L’affaire fait tache et prend de l’ampleur. Alain-Claude Bilie-By-Nze, ancien Premier ministre du Gabon, est aujourd’hui dans la tourmente après son interpellation dans une affaire de non-remboursement d’argent. Une somme de 5 millions de francs CFA, au départ anodine à l’échelle d’un État, devient un symbole embarrassant pour une figure politique de premier plan.
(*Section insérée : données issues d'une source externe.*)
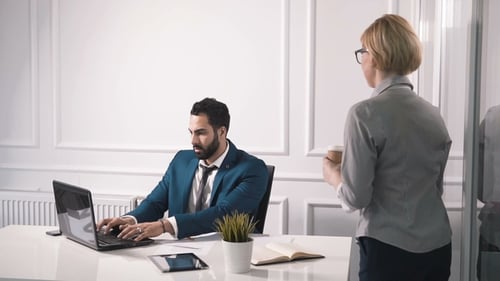 Woman Brings Coffee to Man Working at Desk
Tout part d’une plainte déposée le 7 avril 2026 par une citoyenne gabonaise. Selon le procureur de Libreville, Dick Fabrice Boungou Mickolo, cette dernière affirme avoir remis cette somme dans le cadre de l’organisation de la Fête des cultures. Problème : elle n’aurait jamais récupéré son argent, malgré le temps écoulé.
Résultat : une enquête est ouverte pour des faits présumés d’escroquerie et d’abus de confiance. Des termes lourds, qui font basculer l’affaire dans une dimension judiciaire sérieuse. Les autorités cherchent désormais à établir précisément les responsabilités et à déterminer si l’ancien Premier ministre a effectivement manqué à ses engagements.
Le parquet rappelle les règles : présomption d’innocence, respect de la procédure, indépendance de la justice. Mais dans l’opinion, le mal est déjà fait. L’image d’un ancien chef de gouvernement impliqué dans une affaire d’argent personnel crée un décalage frappant avec les standards attendus d’un responsable public.
En réaction, son parti dénonce une arrestation arbitraire et parle de cabale politique. Mais cette ligne de défense peine à masquer l’essentiel : Bilie-By-Nze doit désormais répondre à une accusation simple, directe, et potentiellement dévastatrice pour sa crédibilité.